Among Mama Joyce’s many deplorable moments, one that stood out was when she referred to Todd’s mother and deceased father (who passed when Todd was three) as a pimp and a prostitute to Kandi; claiming that he “learned the game” from his parents. You see, Mama Joyce questions Todd’s motives, and is convinced that Todd and his mother are after Kandi’s/”her” money. Yet, the only reason I would actually question Todd’s intentions would be because he is knowingly committing to having Mama Joyce as an in-law. Instead of telling her mom that what she said is wrong and disrespectful to both Todd and his mom, and that she wouldn’t stand around to hear it, it seems Kandi’s way of coping is to laugh off her mother’s inappropriate and disrespectful actions.
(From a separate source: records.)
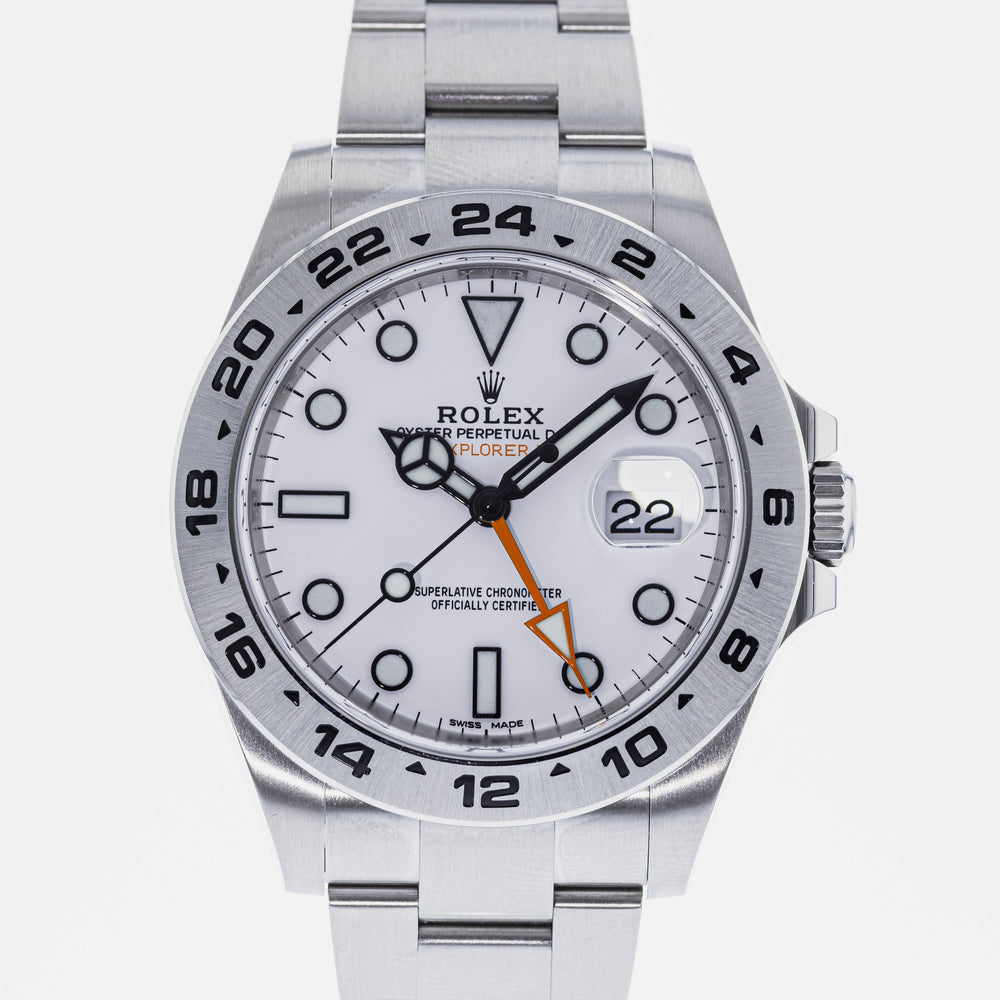 Rolex Explorer II 216570 1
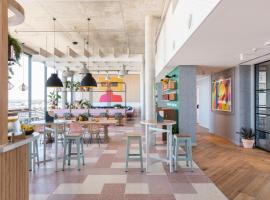 Citadines Connect Sydney Airport Accommodation Indiana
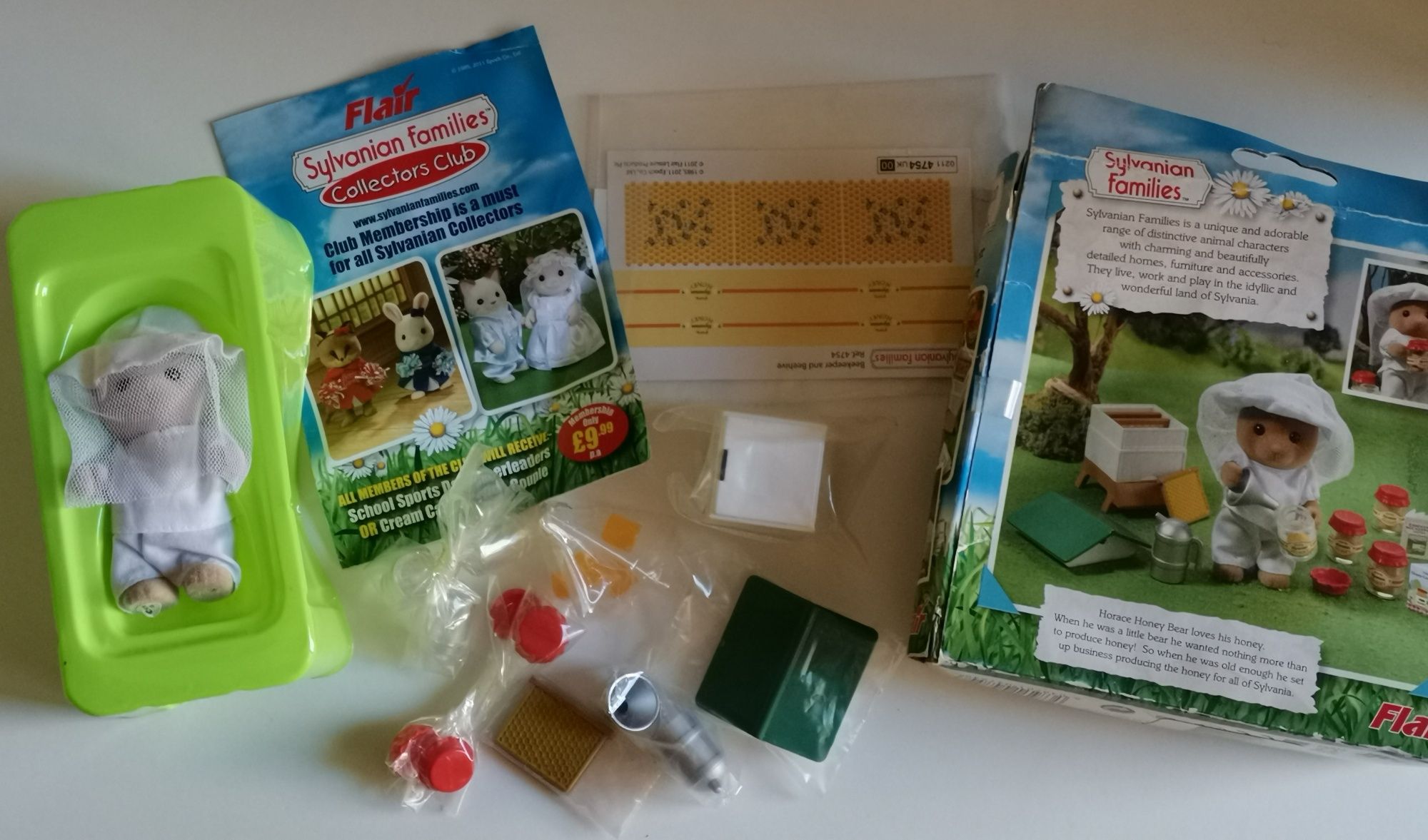мебель sylvanian families silvanian family силивания фемели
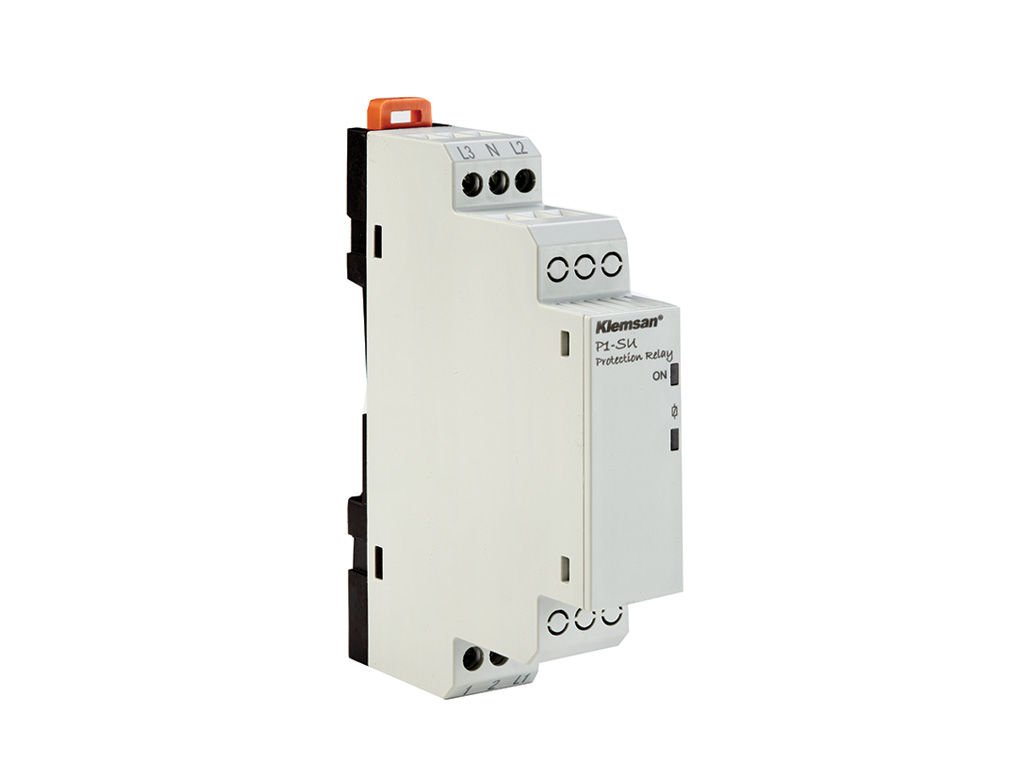 Klemsan 270400 P1-SU (FormA-230V) Motor Koruma Rölesi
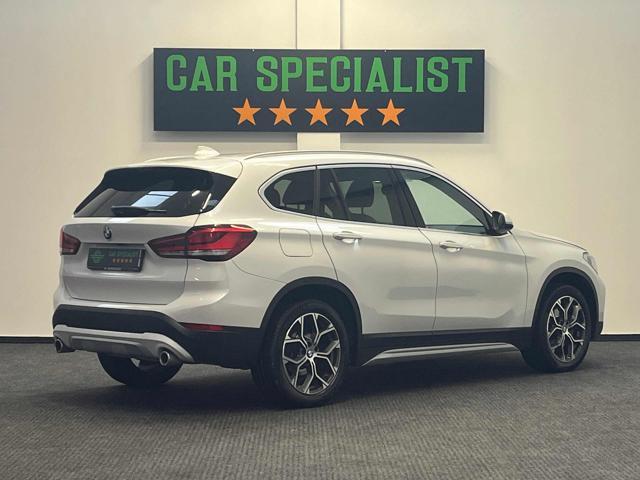 BMW X1 xDrive18d xLine TAGLIANDI.BMW|CARPLAY|RETROCAMERA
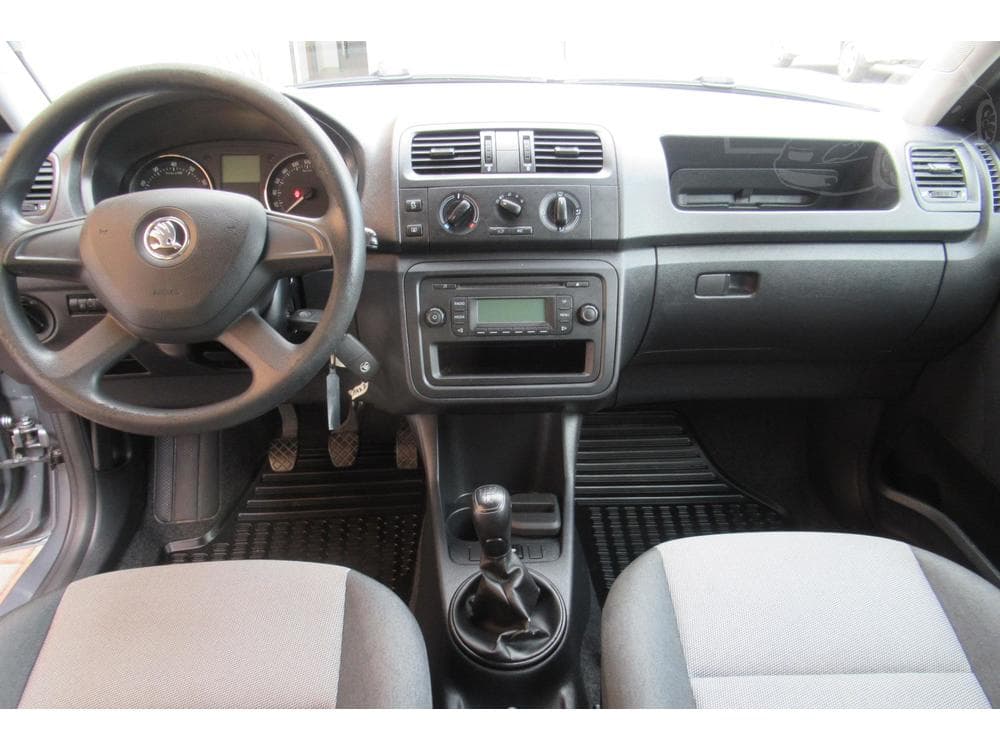 2013 Škoda FABIA - 10
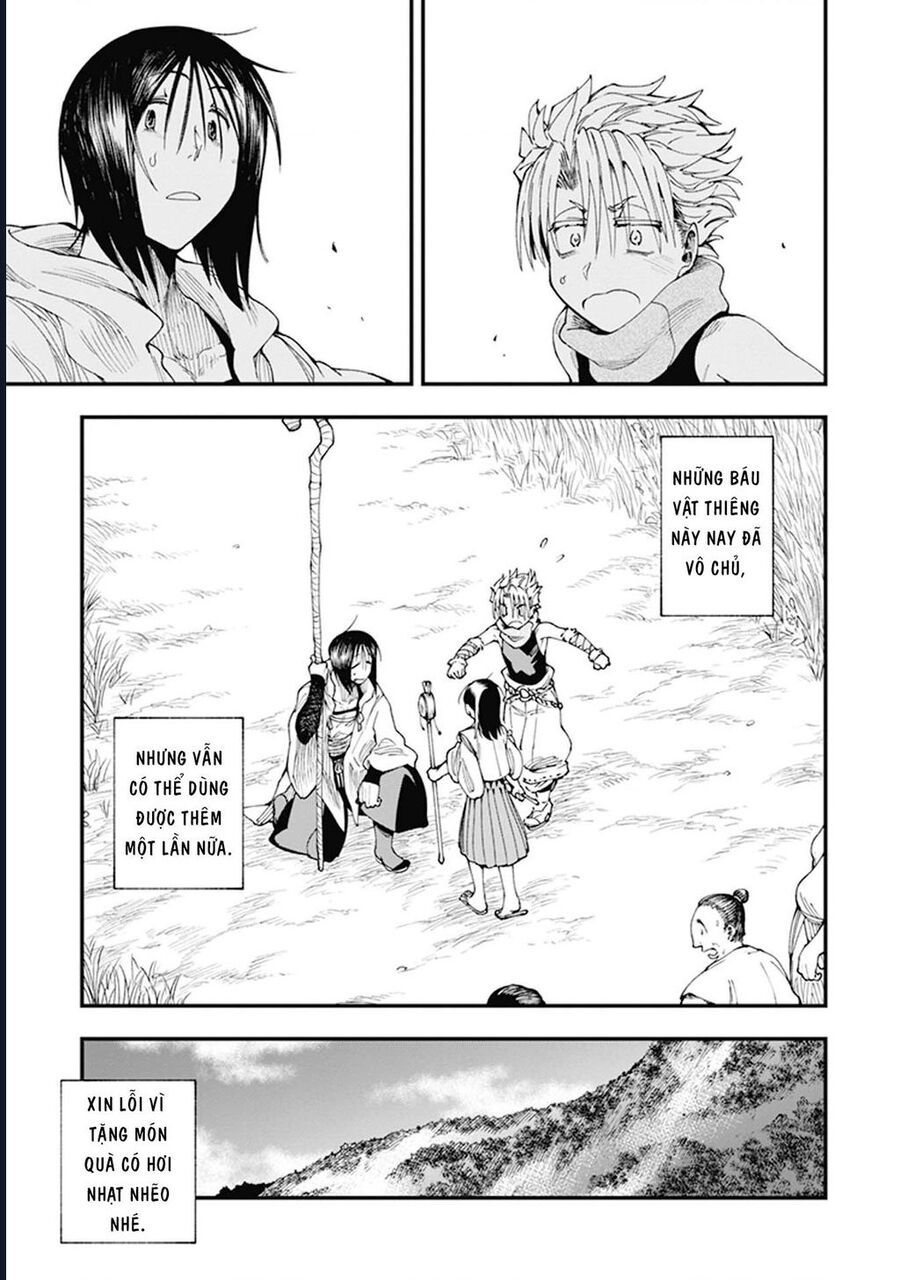 Touge Oni Chap 7 - Next Chap 8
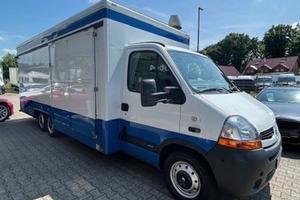 Foodtruck PESCHERIA FRIGGITORIA Renault Master TD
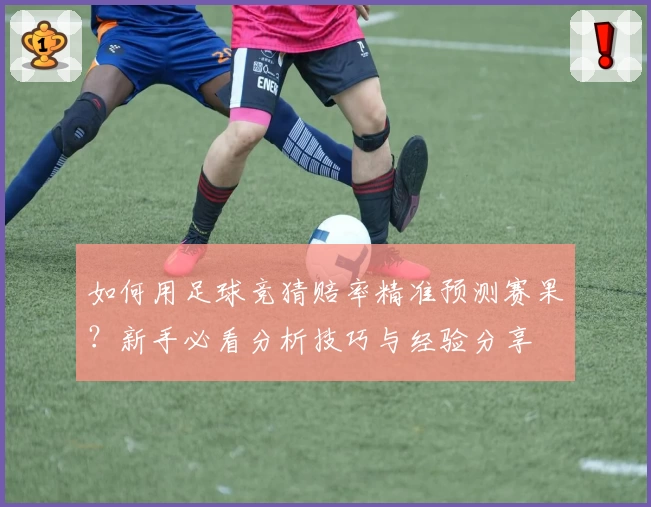 如何用足球竞猜赔率精准预测赛果？新手必看分析技巧与经验分享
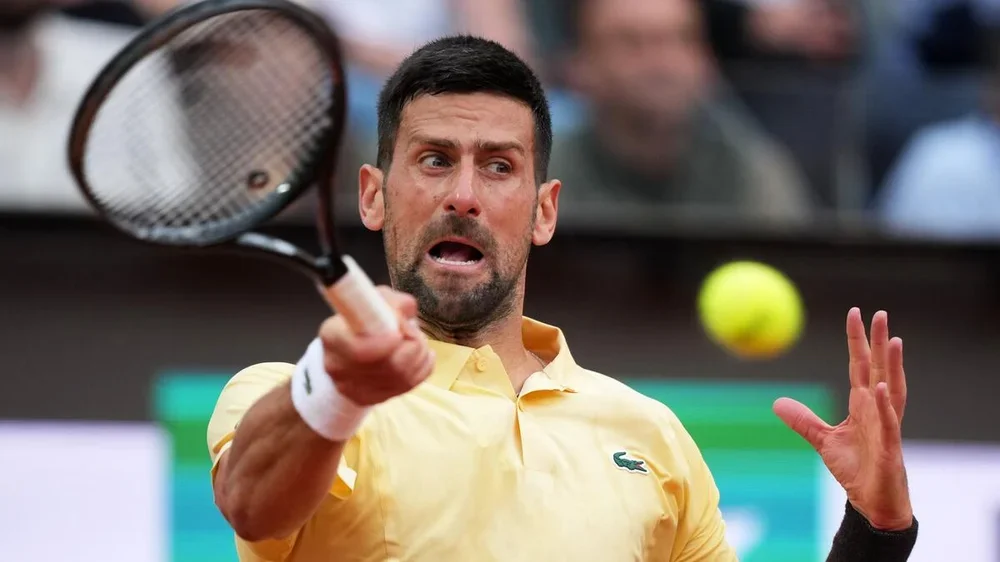 Verliert überraschend in Runde zwei: Novak Djokovic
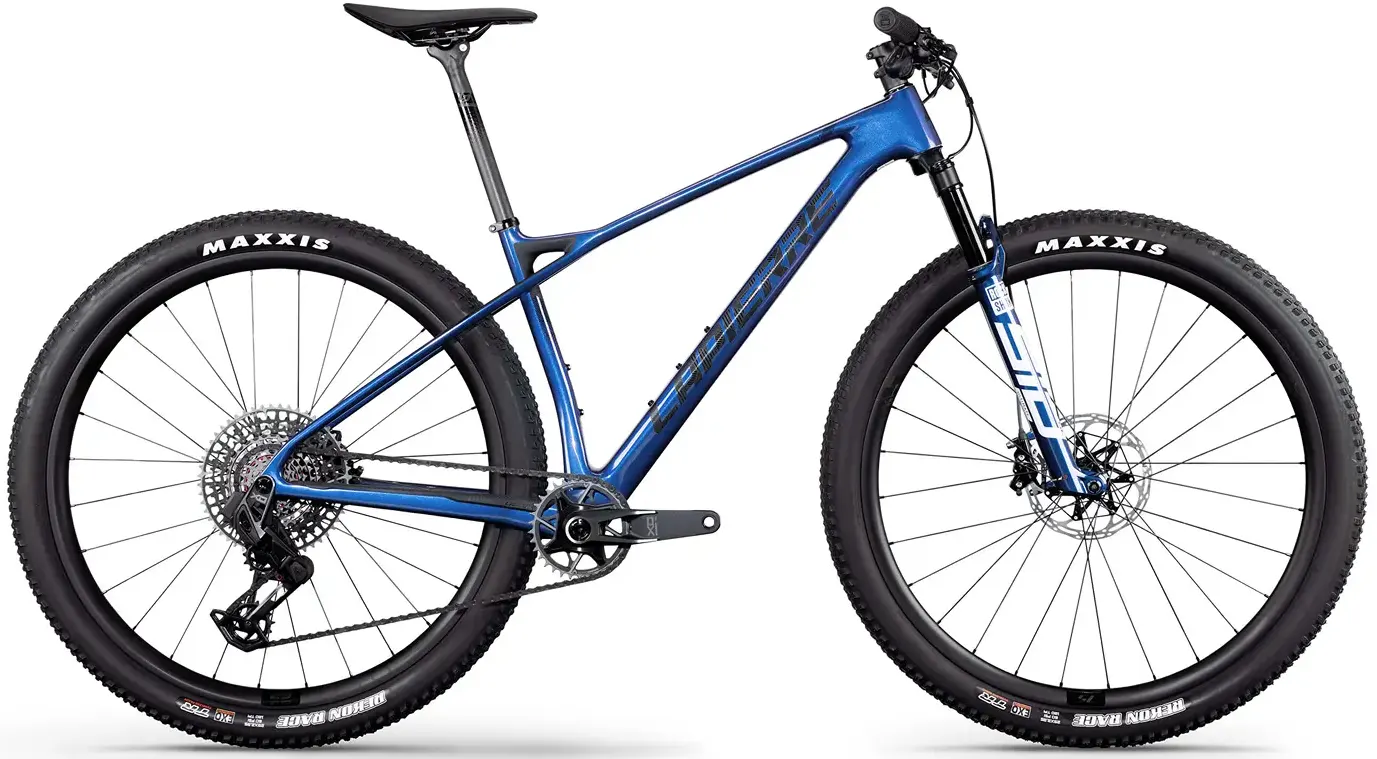 Lapierre Prorace Cf     2025 Blue Crush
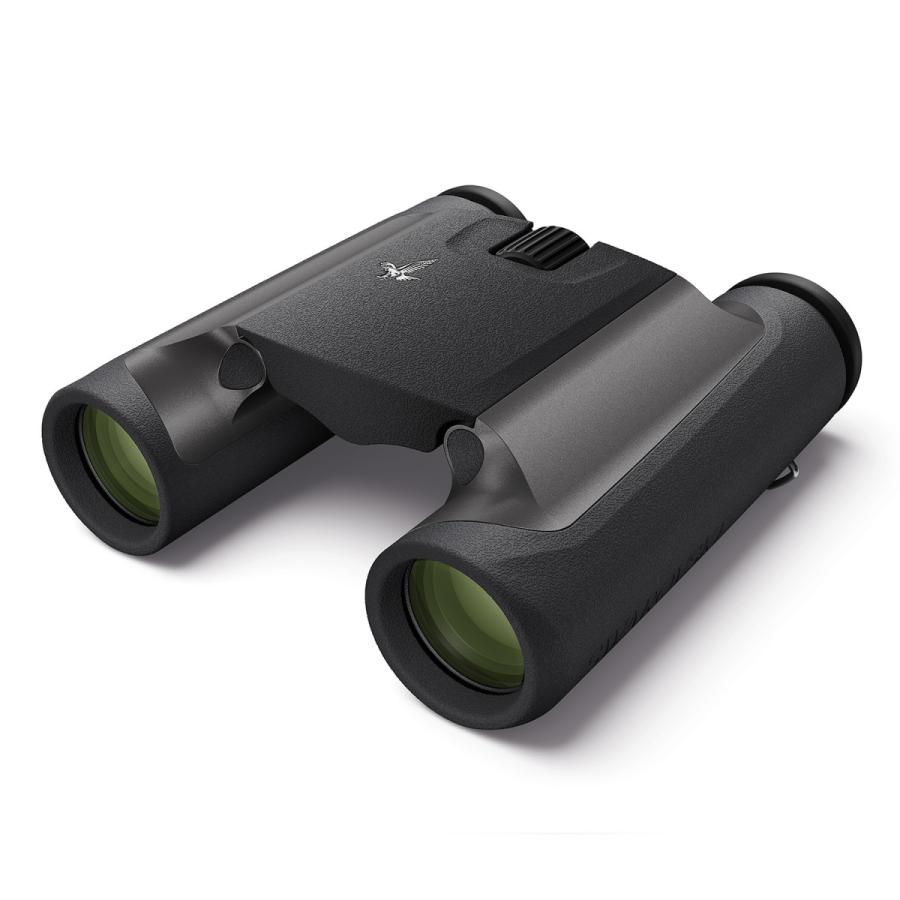 SWAROVSKI OPTIK (スワロフスキー) 双眼鏡 CL POCKET Elegant 10×25 ブラック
However, as I discuss in the blog titled, “Therefore Shall a Man Leave His Father and His Mother”, once you get married you are One. Meaning if someone is disrespecting your spouse they are in essence disrespecting you, which is something that Kandi doesn’t seem to grasp. There is no sense of oneness or accountability. Instead she has chosen to be in the middle. Kandi feels like so many husbands in that she can’t control what her mother does and says. But what she doesn’t realize is that she is the only one that can. If Kandi stopped making light of the situation each and every time her mom was “at her best” and actually held her accountable, Mama Joyce would start to realize that whether she liked it or not, her behavior will keep her from being around as often as she would like. As it stands now, there is no incentive for Mama Joyce to change or start to be respectful in any way. But unfortunately, to hold her mom accountable translates into disrespect to Kandi, and the question becomes will her inability to do this be the straw that breaks the camel’s back over time.
While I’m sure Mama Joyce loves her daughter, what she seems to really love is her daughter’s money and the security it provides her. It seems anytime someone gets close to Kandi she starts to feel as if the financial security she denies Kandi provides her is at risk and she goes into sabotage mode, using her power over Kandi to dissuade her from moving forward with marriage. She says she just wants Kandi to be happy, but of course she doesn’t think Todd is the one to do that. And all of her reasons for disliking Todd have to do with money and the fact that he doesn’t make as much as Kandi. As I describe in “The Single MIL Syndrome”, because Mama Joyce has an overly excessive physical and financial dependence on her daughter, she is unable to develop any sort of relationship with Kandi’s fiancé. She simply sees Todd and any man that doesn’t make as much, or more money than Kandi as a threat. And unfortunately, because Kandi is trapped in the role she has held and fulfilled for most of her life, she will have trouble fostering a long-term successful marriage and understanding her role as a wife.
While it is Kandi’s right and her business to financially provide for her mother given her success, what’s sad is seeing how Mama Joyce denies her daughter’s financial help and makes it seem like she owes her for the hard work and sacrifices she went through to make a good life for Kandi. As I’ve discussed before, while children should honor, respect, and be eternally grateful for what their parents do to make a good life for them; children don’t ask to be brought into the world. It seems as though Mama Joyce would be happier with Kandi marrying a professional athlete that would more than likely cheat on her and give her a life full of worry, or if she were single for the rest of her life all for monetary security. My question, where’s the line and at what point is enough, enough?